Negotiations aimed at freeing up global trade were in danger of running into the sand at the Mexican resort of Cancun yesterday as the world's richest and poorest countries dug their heels in over their respective positions on agriculture.

Officials from the UK, the European Union, the United States and the World Trade Organisation warned that time was running out to strike a meaningful deal ahead of tomorrow night's deadline when ministers from the 146 countries pack their bags.

"It is a hell of lot to resolve," said a senior British trade official. "It is hard to see this falling into place very easily over the weekend."

The talks were deadlocked over the heated issue of agriculture and demands by a new powerful coalition of poorer countries, the Group of 21 (G21) - which includes China, Brazil and India - calling on the US, EU and Japan to slash farm subsidies and open up their markets to competition.

The EU and US insisted they had already made generous offers and accused some of the developing countries of refusing to spell out what offers they would make in exchange.

The chairman of the WTO's agriculture negotiations, Singapore's Trade and Industry Minister, Brigadier General George Yeo, is expected to produce a new text on a farm deal today, which will leave 48 hours to wrap up a deal on agriculture, cutting industrial tariffs and opening up markets of rich and poor countries. "It clearly would appear to be very tight," said a UK farming official.

Margaret Beckett, the Secretary of State for Environment, Food and Rural Affairs, welcomed the emergence of the G21 as a voice for developing countries. "This is an important step forward but it is also crucially important that we very soon begin real negotiations. There is only limited time and we must do more than merely exchange positions," she said.

Franz Fischler, the EU's agriculture commissioner, said the G21 needed to show what trade obstacles within the developing world they were prepared to address. "We have shown flexibility, we are showing flexibility and we will show flexibility but there are limits," he said.
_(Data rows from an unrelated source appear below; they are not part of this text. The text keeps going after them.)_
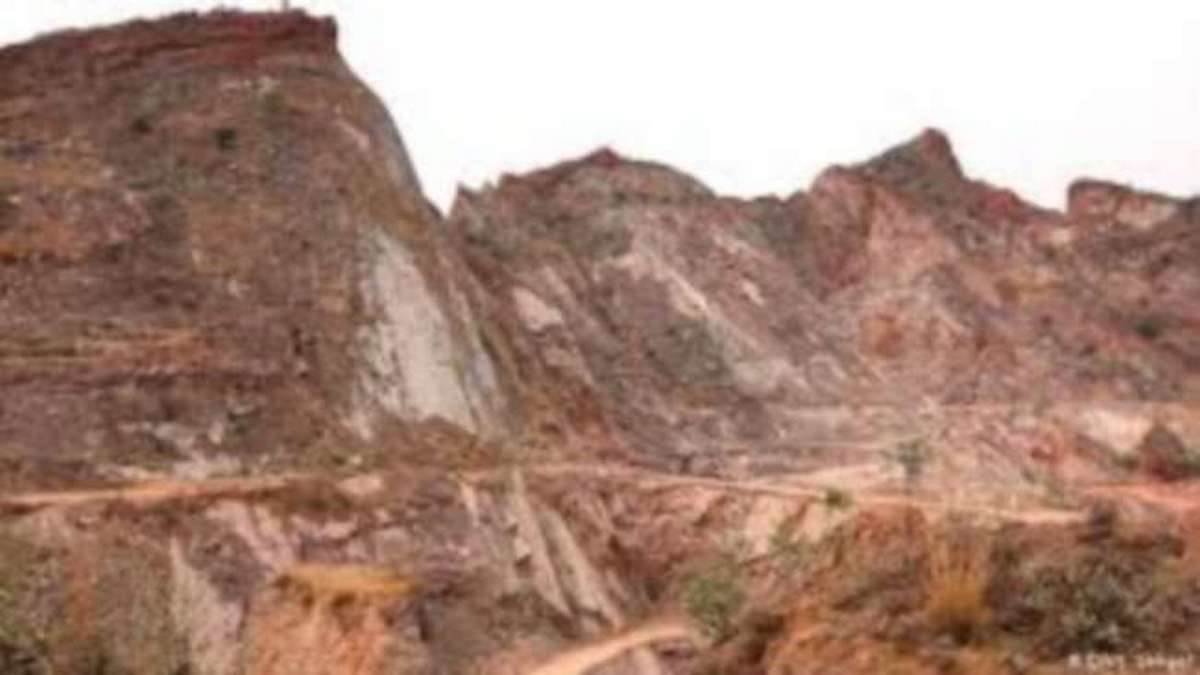 https://www.jagranimages.com/images/newimg/01082022/01_08_2022-aravallimining_22943413.jpg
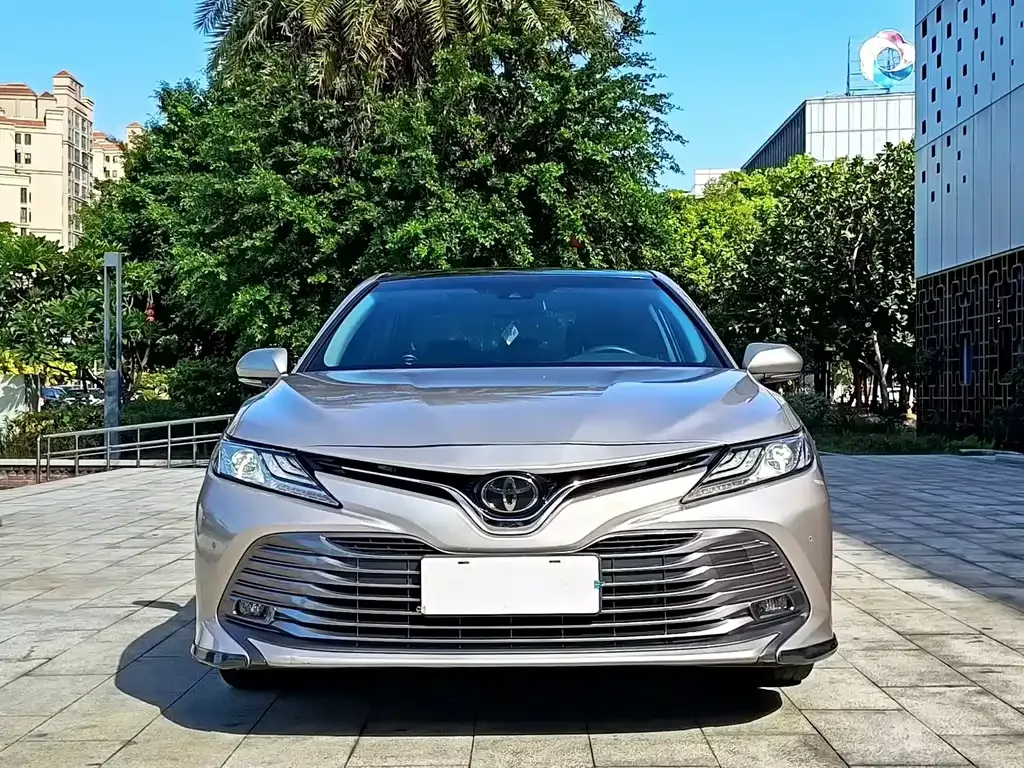 Toyota Camry 2021 из CN, фото 2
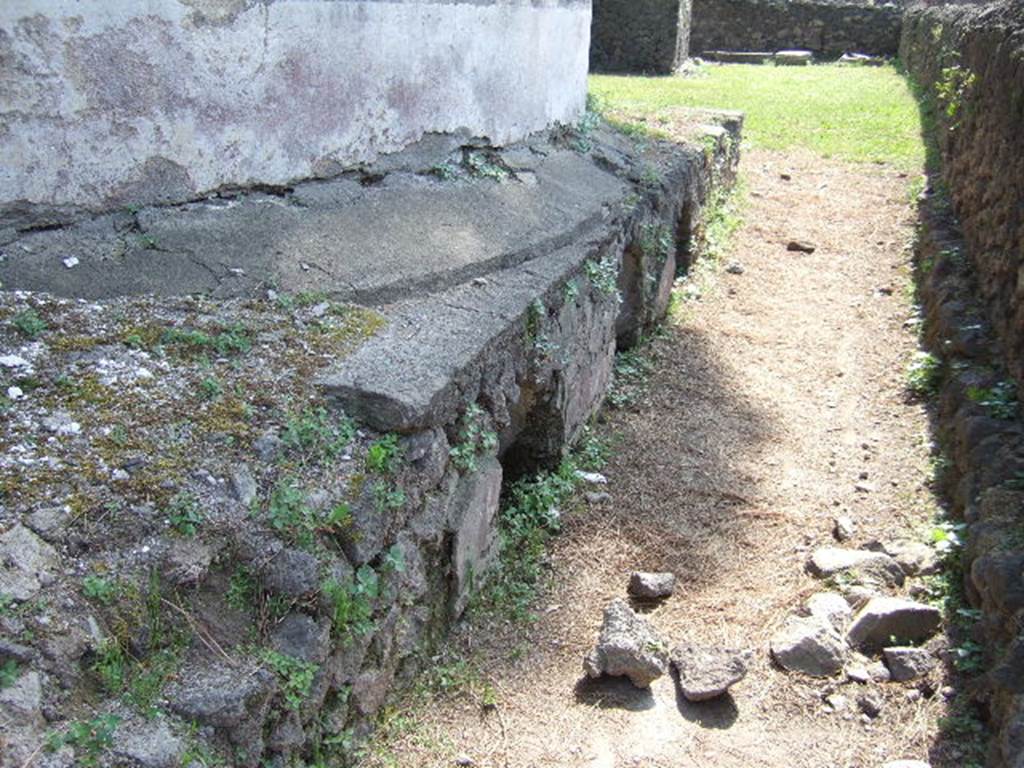 Pompeii Porta Nocera Tomb 3ES. May 2006. Looking west along north side.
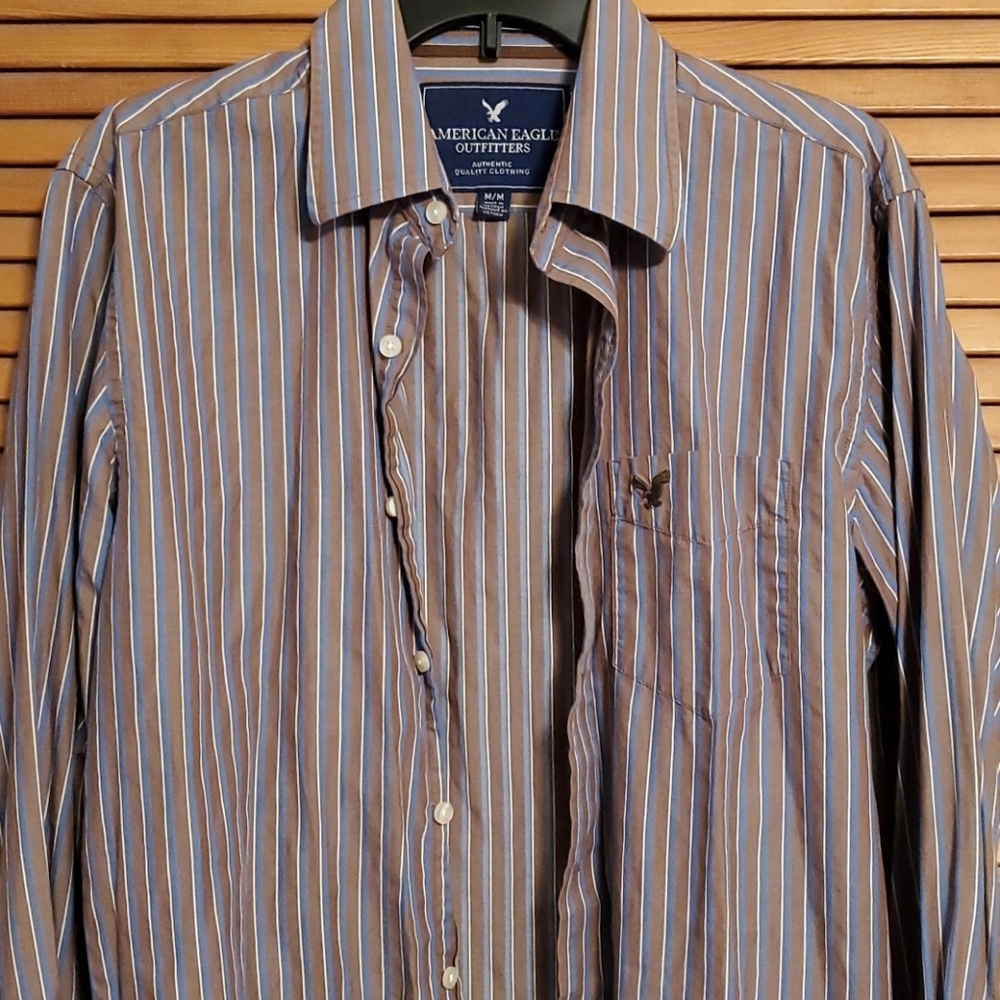 American Eagle Button Up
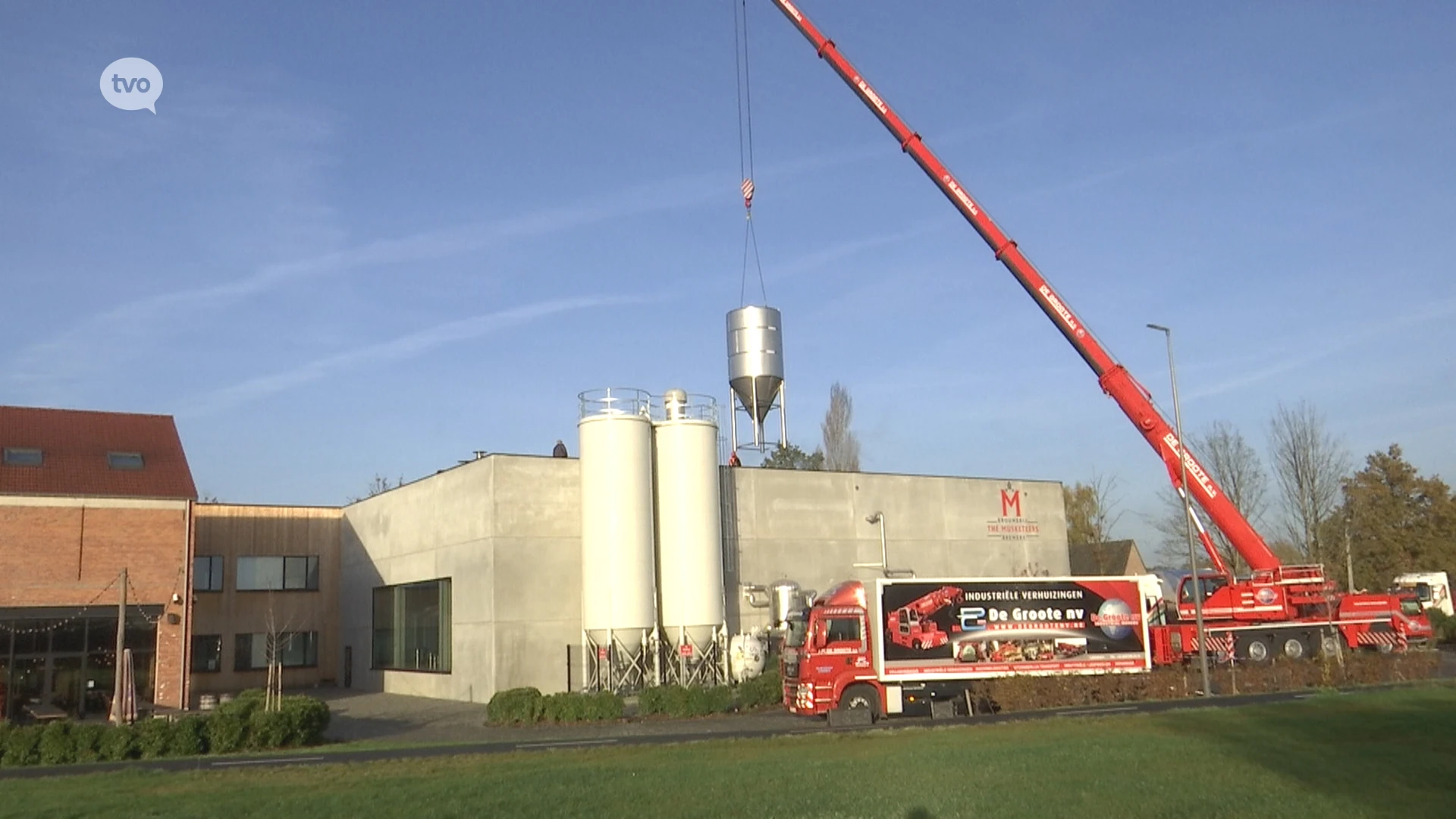 Nieuwe fermentatietanks gaan door het dak bij brouwerij The Musketeers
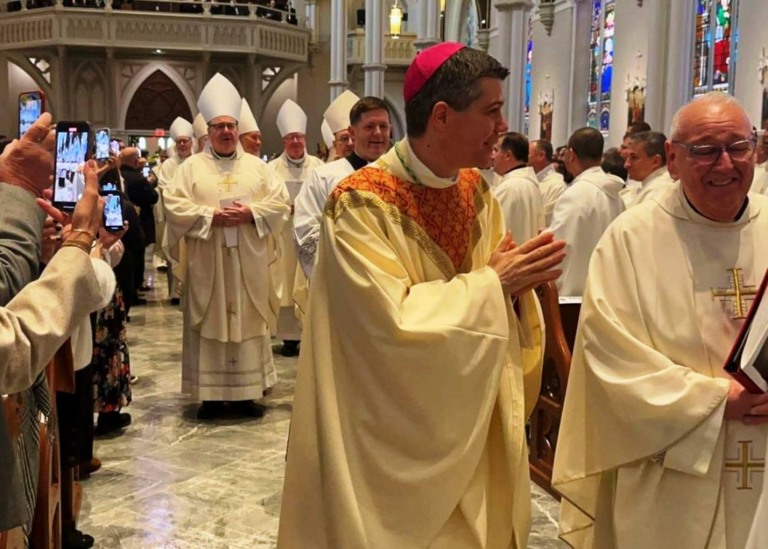DOm Cristiano durante posse na Arquidiocesde em Boston – Divulgação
Pressure groups have praised the emergence of the G21 as a voice of developing countries and have urged them to stand firm, despite allegations of arm-twisting by the US and EU. But Digby Jones, head of the CBI who is part of the UK team, said: "If they think they can push the US to the wire they are playing with fire."

Christian Aid yesterday claimed to have secured a major concession from Patricia Hewitt, after it flew the British Trade and Industry Secretary to Honduras to visit rice farmers ahead of her arrival in Cancun.

After the visit she said: "We need to agree that a country like Honduras can take special measures to protect rice farmers so they can sell their rice."

Honduran farmers told her they were being forced to give up farming because of subsidised rice from the US.